• **Available data**
--------------------
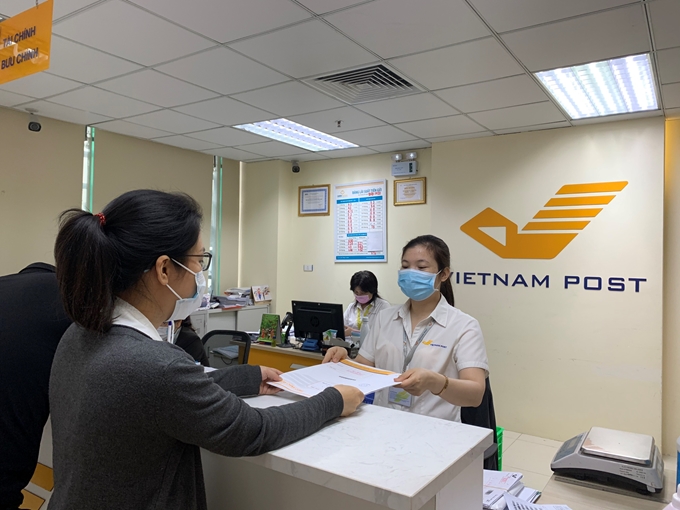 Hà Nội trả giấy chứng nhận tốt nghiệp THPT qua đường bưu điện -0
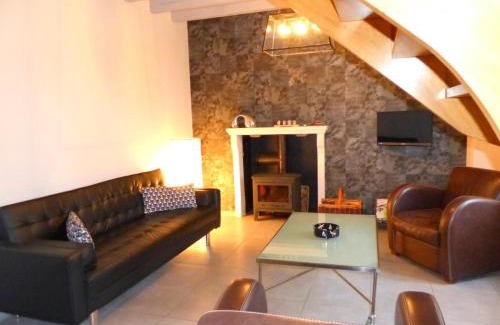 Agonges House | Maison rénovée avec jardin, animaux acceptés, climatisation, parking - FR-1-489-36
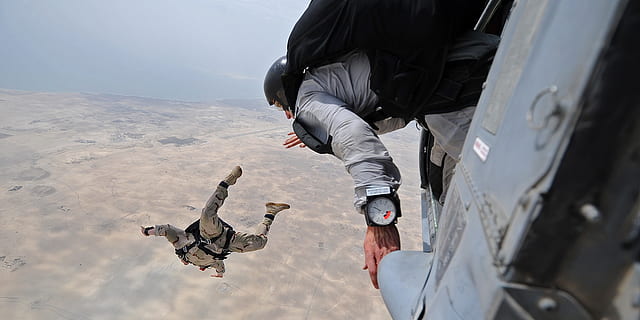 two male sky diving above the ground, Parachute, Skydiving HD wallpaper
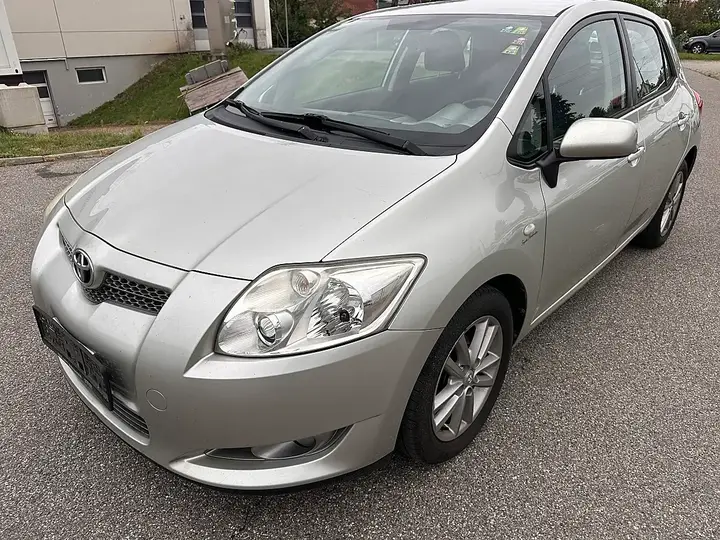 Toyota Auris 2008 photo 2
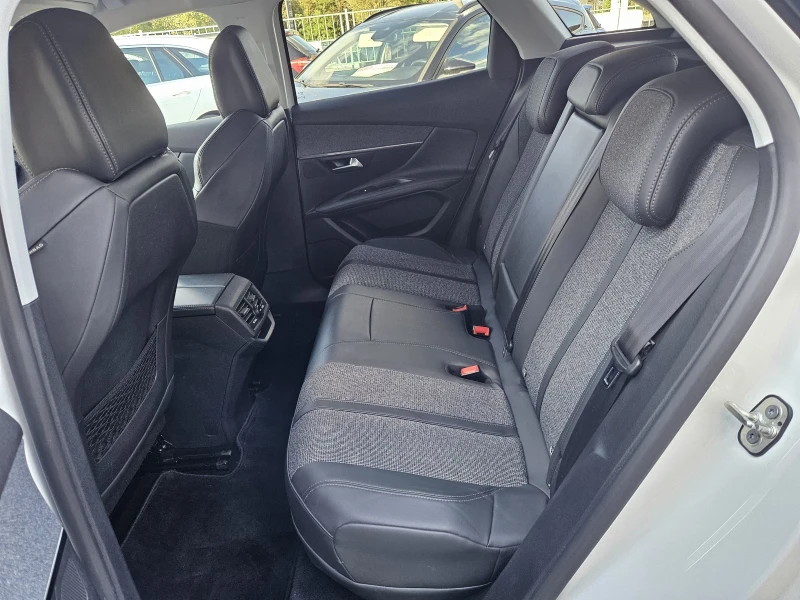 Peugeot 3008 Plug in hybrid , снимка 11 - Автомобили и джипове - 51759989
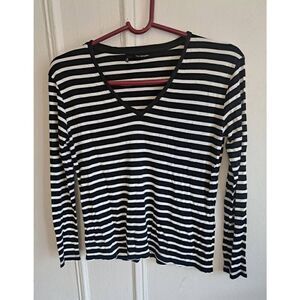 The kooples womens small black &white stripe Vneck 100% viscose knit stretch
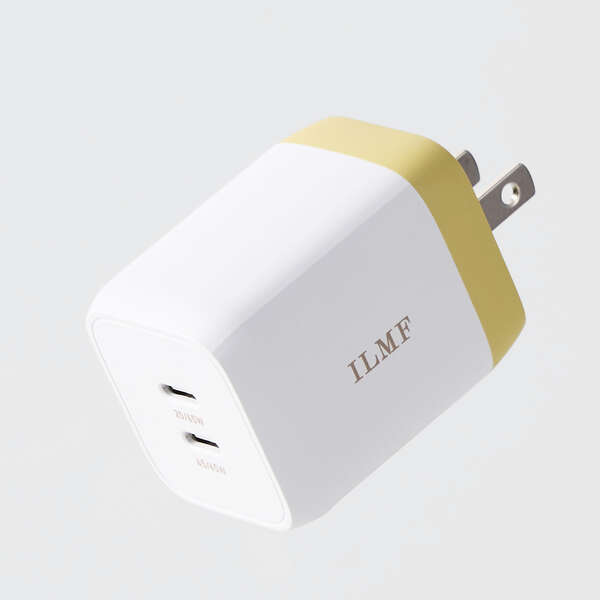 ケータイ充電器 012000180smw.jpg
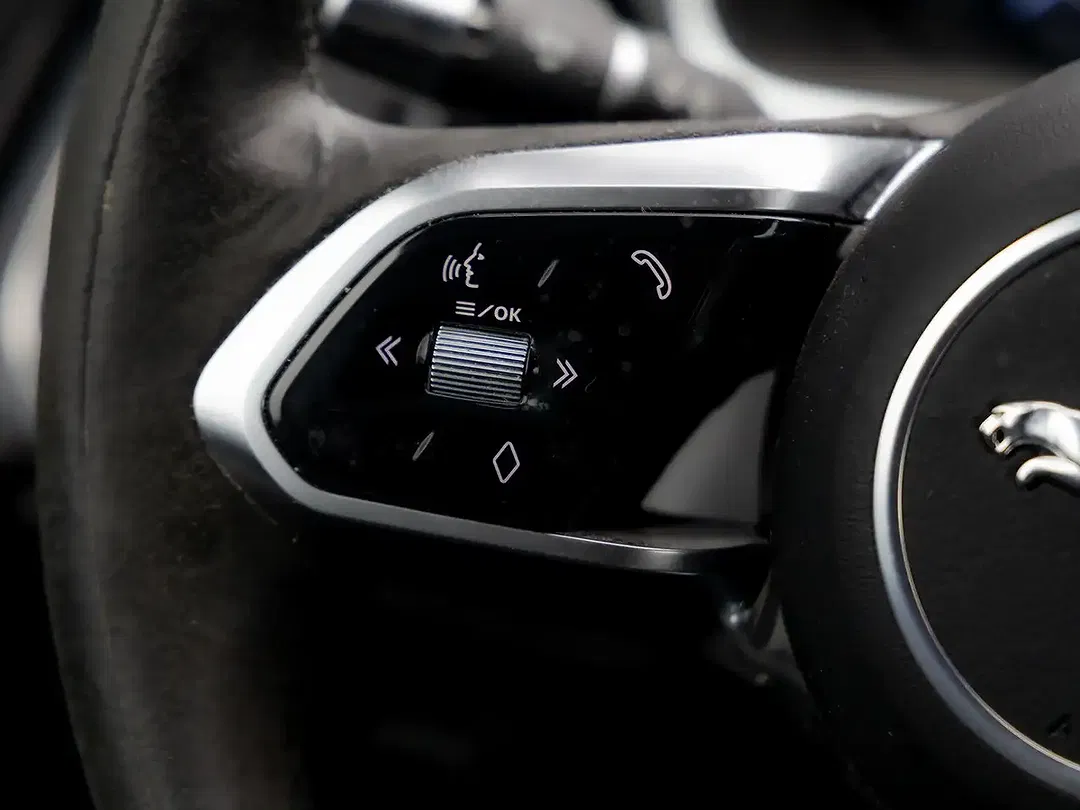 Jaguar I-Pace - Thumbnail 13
--------------------
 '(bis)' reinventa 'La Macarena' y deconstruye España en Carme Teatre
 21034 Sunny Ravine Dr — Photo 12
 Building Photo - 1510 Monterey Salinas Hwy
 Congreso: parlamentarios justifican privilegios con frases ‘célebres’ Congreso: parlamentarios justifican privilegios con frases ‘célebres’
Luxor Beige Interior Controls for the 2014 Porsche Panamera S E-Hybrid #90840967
--------------------
• **Problem statement**
For the material above, give again only the lines starting at the line that contains "Toyota Auris 2008 photo 2" and ending at the line that contains "Jaguar I-Pace - Thumbnail 13". Pictures do not belong in the copy.

• **Written reply**
 Toyota Auris 2008 photo 2
 Peugeot 3008 Plug in hybrid , снимка 11 - Автомобили и джипове - 51759989
 The kooples womens small black &white stripe Vneck 100% viscose knit stretch
 ケータイ充電器 012000180smw.jpg
 Jaguar I-Pace - Thumbnail 13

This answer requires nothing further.